# Pinion shaft



## Ericl245 (Apr 13, 2020)

I am installing a new pinion shaft and gear. My question is the service manual states the rolling torque should be around 11 inch pounds. I have tightened it and have wrench set to .5 inch pounds. Still not torque but the shaft spins very difficulty. I’m just afraid of overtighening and ruing the bearings. Any help!!!


----------



## Fedup (Feb 25, 2014)

What type torque wrench are you using? Measuring rolling torque requires a beam type wrench with a pointer and a scale. Something like this.
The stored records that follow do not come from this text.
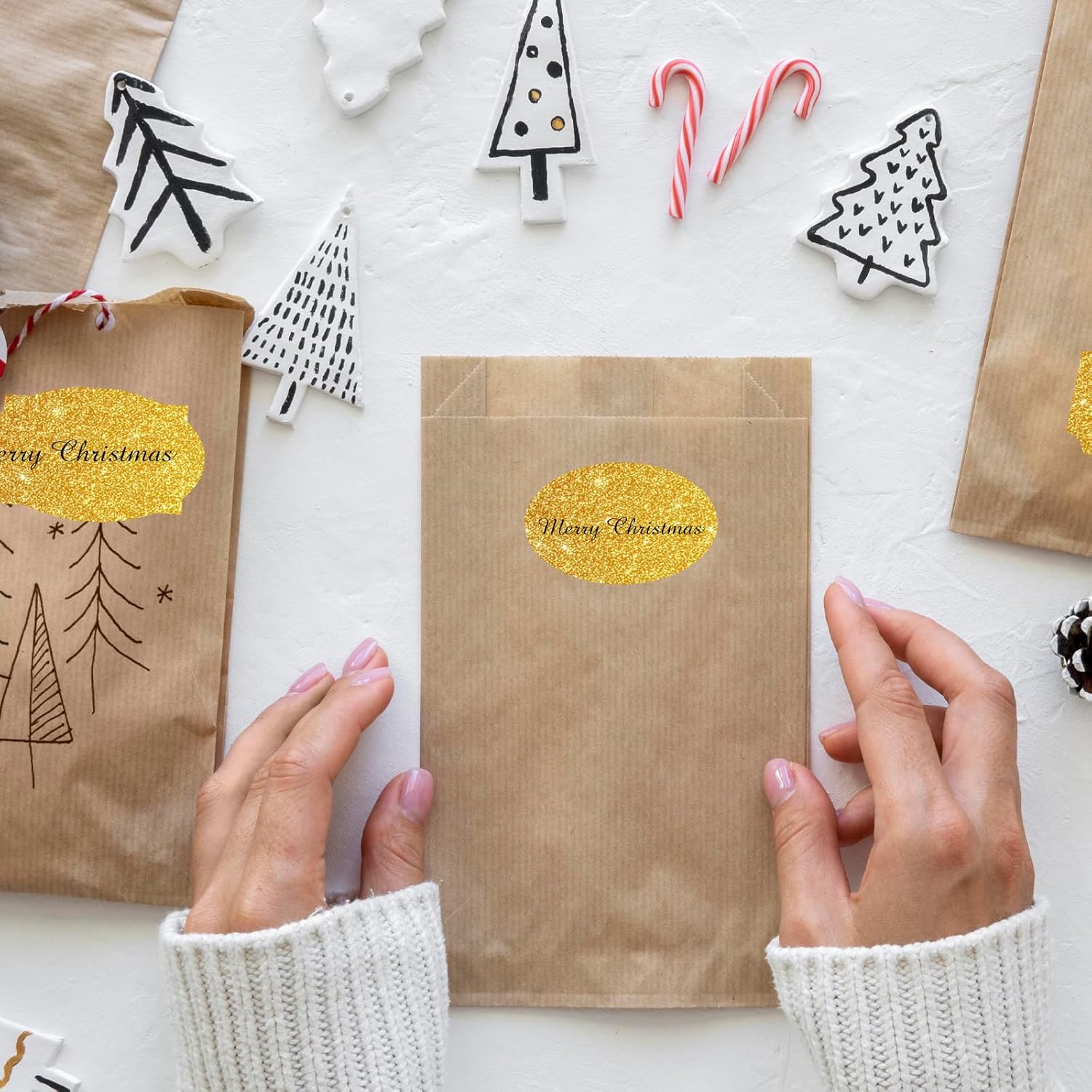 350 PCS Gift Tags Stickers Name Labels Stickers,2" x 1.2" Fancy Shape Stickers Self-Adhesive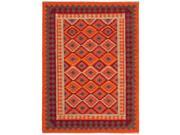 2 x 3 Red and Orange Izmir Flat Weave Hand Woven Wool Area Throw Rug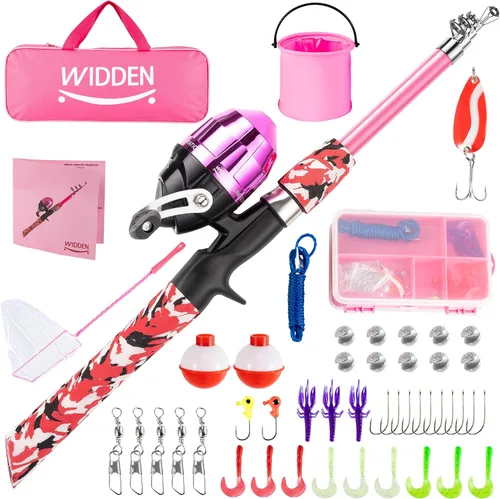 Miniatura 10 de WIDDEN Kids Fishing Pole, Portable Telescopic Kids Fishing Poles for Boys and Girls, Fishing Rod and Reel Combo Kit with Tackle Box, and Fishing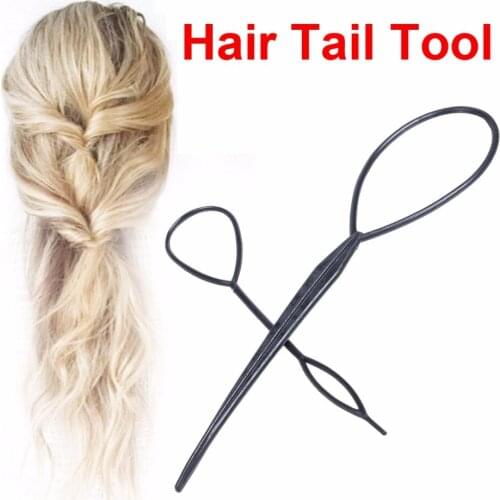 2Sets(=4pcs) Women Girl Ponytail Creator Plastic Loop Styling Tools Black Topsy Pony Tail Hair Braid Maker Styling Tool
https://www.amazon.com/Neiko-03727A-4-Inch-Torque-Wrench/dp/B01FMXEWQC


----------



## Ericl245 (Apr 13, 2020)

Yes I’m using that style. It’s older but still works.


----------



## Fedup (Feb 25, 2014)

Then how can it be "set to .5 inch pounds"?


----------



## Ericl245 (Apr 13, 2020)

Sorry. That was a typo. I was trying to write another post also. It just seems very stiff and i am not even moving the needle. Again these parts are expensive and i don’t want to mess them up


----------



## Fedup (Feb 25, 2014)

Sorry, but I'm not following what you're trying to describe. This is a new pinion shaft(as in ring and pinion?), and the spec you have calls for rolling torque measurement of 11 inch lbs. You feel the bearings are already too tight and you still have less torque measurement than expected? 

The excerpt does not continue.